Food truck owners have a tendency to keep a lot of the financial details of their mobile food business in their heads. Operating in this many has its advantages since there will be no new software to learn, no danger of a system crash that loses all your data, and you can tweak your food truck budget as often as you need without sitting down at a desk.
But when you don’t have a system and some processes in place, unpleasant surprises can pop up, goals can be easily missed and important paperwork forgotten. Getting a better handle on your money can help you to make and keep long-term goals, smooth out the seasonal ups and downs of your cash flow and maybe improve your food truck profits. It can also help you to stay out of trouble with the Internal Revenue Service.
Here are four bookkeeping tips for food truck vendors:
Plan for major expenses
Put events like a major POS upgrade on the calendar a year in advance or, ideally, three to five years ahead. Acknowledge the seasonal ups and downs, something many food truck owners are reluctant to do.

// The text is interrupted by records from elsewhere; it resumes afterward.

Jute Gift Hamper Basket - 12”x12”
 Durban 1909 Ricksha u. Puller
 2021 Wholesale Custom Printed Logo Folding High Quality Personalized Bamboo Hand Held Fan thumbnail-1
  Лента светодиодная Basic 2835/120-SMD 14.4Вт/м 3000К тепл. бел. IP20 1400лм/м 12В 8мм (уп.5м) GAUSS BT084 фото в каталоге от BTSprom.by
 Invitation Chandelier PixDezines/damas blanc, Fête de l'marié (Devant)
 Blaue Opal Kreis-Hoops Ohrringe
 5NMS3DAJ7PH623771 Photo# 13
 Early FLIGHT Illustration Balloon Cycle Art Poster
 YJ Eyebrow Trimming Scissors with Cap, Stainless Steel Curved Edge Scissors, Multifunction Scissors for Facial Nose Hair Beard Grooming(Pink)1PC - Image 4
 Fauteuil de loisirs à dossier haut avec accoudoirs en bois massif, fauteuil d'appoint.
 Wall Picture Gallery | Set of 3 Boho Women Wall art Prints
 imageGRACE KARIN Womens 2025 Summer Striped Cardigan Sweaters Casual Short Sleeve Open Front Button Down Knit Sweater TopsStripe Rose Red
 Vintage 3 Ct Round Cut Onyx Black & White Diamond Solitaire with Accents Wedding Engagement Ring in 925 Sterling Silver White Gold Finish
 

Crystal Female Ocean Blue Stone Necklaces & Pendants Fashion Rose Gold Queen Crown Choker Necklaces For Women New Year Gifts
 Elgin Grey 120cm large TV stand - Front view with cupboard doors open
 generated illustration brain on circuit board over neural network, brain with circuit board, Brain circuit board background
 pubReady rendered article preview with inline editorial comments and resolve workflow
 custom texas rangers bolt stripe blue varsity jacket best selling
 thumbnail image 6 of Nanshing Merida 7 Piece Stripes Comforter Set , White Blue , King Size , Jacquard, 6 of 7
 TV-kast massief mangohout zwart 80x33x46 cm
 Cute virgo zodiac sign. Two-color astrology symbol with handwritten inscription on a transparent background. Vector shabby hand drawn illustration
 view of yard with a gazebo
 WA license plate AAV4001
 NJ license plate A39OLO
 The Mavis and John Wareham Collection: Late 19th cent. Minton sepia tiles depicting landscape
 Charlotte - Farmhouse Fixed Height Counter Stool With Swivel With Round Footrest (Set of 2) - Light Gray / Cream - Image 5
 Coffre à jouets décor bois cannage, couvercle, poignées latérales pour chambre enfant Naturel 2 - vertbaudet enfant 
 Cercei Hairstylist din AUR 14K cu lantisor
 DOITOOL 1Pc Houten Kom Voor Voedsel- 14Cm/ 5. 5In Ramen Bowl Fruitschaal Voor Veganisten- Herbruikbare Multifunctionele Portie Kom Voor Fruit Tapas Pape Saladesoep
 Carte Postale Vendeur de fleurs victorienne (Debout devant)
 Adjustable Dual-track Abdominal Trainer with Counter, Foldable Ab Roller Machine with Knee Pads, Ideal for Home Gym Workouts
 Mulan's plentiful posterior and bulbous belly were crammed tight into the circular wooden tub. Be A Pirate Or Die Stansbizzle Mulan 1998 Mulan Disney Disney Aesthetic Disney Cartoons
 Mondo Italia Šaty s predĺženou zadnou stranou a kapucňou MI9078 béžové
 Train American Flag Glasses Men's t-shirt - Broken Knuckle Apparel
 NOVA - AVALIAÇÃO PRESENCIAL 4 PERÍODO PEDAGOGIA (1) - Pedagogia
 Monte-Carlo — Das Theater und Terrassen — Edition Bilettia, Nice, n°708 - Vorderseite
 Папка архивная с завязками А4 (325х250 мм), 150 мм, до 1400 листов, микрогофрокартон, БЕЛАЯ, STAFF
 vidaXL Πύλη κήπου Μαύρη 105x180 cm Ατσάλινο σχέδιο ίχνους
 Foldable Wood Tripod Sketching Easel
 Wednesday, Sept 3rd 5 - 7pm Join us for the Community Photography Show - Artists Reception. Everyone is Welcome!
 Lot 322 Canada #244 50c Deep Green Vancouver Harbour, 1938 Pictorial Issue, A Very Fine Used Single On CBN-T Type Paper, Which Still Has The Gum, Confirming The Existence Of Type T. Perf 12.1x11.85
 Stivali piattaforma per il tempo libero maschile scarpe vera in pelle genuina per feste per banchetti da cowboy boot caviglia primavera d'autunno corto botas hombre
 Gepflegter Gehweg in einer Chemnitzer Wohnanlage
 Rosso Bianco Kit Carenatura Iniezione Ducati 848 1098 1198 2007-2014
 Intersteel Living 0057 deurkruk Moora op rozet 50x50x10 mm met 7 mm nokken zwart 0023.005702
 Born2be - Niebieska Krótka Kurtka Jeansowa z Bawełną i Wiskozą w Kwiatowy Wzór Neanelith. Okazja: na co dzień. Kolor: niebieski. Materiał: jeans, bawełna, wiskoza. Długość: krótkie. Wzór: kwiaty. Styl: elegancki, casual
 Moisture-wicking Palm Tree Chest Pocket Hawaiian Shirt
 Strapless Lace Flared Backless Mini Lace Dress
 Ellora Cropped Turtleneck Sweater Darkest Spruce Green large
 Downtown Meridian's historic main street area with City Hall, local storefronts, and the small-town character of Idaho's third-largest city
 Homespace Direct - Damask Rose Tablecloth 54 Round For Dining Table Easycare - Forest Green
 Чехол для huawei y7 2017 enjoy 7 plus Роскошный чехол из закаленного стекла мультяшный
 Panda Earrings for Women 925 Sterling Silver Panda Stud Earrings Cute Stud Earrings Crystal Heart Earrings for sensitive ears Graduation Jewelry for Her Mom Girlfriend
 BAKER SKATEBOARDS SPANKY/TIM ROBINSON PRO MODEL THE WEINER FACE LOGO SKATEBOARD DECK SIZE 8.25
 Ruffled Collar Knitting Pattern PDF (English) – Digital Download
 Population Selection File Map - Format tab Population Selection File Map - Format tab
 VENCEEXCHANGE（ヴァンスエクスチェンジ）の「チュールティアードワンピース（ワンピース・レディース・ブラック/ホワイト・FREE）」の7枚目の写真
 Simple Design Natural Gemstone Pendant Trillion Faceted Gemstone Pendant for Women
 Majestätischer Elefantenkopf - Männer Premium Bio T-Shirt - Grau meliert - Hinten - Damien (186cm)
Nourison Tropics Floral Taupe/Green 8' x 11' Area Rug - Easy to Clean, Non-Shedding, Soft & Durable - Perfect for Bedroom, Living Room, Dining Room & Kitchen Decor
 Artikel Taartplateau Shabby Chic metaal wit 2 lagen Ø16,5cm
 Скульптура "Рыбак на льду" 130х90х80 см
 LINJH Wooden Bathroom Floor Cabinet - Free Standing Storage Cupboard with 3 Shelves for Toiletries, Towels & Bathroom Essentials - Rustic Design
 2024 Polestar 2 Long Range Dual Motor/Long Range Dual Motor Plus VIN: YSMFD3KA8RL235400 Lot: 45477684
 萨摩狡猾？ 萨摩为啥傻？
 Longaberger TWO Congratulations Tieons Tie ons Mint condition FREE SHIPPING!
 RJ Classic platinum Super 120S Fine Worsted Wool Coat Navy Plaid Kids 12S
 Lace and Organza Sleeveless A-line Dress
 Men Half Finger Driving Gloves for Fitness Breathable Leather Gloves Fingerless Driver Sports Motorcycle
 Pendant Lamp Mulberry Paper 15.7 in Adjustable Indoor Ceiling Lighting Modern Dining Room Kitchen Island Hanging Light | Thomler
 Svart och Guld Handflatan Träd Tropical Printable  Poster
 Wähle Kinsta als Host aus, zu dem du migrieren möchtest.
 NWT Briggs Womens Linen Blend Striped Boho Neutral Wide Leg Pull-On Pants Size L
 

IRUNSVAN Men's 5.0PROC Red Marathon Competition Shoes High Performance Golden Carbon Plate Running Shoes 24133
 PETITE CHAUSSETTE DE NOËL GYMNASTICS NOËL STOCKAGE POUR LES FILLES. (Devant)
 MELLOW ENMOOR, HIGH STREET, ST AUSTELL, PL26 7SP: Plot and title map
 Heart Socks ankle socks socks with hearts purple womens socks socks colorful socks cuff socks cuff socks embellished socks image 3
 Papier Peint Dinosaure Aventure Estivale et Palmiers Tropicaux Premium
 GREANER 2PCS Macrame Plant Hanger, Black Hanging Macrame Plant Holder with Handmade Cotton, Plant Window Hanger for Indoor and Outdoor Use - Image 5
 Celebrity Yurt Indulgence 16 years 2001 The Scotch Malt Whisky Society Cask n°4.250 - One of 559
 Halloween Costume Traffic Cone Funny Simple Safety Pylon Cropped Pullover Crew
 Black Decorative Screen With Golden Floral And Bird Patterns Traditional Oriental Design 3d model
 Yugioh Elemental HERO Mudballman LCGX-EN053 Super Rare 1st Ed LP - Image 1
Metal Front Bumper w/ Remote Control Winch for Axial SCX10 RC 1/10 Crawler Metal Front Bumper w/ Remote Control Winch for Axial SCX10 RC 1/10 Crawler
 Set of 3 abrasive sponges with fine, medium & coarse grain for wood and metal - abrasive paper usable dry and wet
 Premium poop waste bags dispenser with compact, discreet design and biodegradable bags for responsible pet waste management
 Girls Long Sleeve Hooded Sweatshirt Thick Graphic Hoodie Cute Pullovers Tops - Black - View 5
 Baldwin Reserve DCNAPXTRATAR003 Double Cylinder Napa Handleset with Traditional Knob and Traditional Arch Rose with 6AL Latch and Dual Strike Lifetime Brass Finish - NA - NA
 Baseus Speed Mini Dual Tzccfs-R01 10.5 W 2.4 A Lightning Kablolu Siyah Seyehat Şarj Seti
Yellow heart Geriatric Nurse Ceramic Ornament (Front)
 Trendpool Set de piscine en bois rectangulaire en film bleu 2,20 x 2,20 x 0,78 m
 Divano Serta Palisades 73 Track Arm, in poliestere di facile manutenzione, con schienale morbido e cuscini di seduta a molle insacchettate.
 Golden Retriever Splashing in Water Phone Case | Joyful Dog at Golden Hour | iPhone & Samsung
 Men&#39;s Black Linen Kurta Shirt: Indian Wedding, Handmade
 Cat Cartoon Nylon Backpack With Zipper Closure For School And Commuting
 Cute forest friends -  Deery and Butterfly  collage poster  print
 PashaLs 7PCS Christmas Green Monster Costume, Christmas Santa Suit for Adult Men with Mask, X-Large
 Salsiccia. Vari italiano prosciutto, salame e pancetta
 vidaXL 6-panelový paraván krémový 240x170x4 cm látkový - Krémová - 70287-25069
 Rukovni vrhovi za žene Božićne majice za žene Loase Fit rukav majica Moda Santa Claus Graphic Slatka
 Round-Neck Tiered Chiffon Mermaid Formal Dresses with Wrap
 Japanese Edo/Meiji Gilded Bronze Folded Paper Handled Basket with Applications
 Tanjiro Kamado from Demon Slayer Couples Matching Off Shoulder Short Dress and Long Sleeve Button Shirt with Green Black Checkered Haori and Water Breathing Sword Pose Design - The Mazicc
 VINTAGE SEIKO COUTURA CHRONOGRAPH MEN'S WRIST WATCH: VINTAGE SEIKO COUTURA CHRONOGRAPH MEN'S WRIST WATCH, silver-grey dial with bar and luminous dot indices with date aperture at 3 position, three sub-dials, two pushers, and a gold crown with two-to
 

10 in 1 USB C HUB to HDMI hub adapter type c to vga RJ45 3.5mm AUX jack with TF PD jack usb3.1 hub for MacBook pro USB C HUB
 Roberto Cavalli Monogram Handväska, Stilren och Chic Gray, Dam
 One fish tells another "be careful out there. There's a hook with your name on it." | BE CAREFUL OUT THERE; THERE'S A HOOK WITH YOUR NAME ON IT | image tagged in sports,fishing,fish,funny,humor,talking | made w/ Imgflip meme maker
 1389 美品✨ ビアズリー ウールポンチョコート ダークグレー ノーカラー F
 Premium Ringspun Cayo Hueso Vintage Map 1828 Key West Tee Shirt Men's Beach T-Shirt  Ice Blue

You’ll avoid taking money out of your food truck business during the flush periods only to find yourself short in the slower months, when costly projects like upgrading kitchen equipment usually happen.
A credit card that you use solely for business can be a basic accounting system. Most card statements categorize expenses, so you can see which outlays relate to which of your food truck operation activities. If you always use your business credit card for business expenses, you’re less likely to pay cash at, say, Office Depot and lose the receipts, forfeiting tax-time write-offs. Pens and printer paper can add up.
Also routinely jot down trips used for business, lunches and other events with cash outlays in your electronic or paper day planner. This habit can go a long way toward substantiating those items for your tax records in the event of an audit.
Often on tax returns, those numbers are too round. No truck owner drives exactly 10,000 miles for business in a year, so the IRS knows this is an estimate, an in an audit, if you can’t substantiate those numbers, the whole category can get thrown out.
Record deposits correctly
Adopt a system for keeping your financial activities straight, whether it’s a notebook you use consistently, an Excel spreadsheet or software such as Quickbooks. Food truck owners typically make a variety of deposits into their bank account through the year, including loans, revenue from sales and cash infusions from their personal savings. The trouble with this approach is that at the end of the year, you or your bookkeeper might erroneously record some deposits as income, and consequently pay taxes on more money than you’ve actually made.
Set aside money for paying taxes
Systematically put a portion of money aside throughout the year for taxes. Then note tax deadlines on your calendar, along with prep time if you need it, to make sure you actually make payments when they’re due.
Payroll taxes that go unpaid can be especially problematic. Cash-crunched vendors can get through a down cycle by dipping into employee withholdings that they should have sent to the IRS.
If you mess with payroll taxes, you have a two-fold problem. You haven’t paid taxes due and you’ve taken money that the IRS sees as belonging to your employees. They can be very unforgiving about that.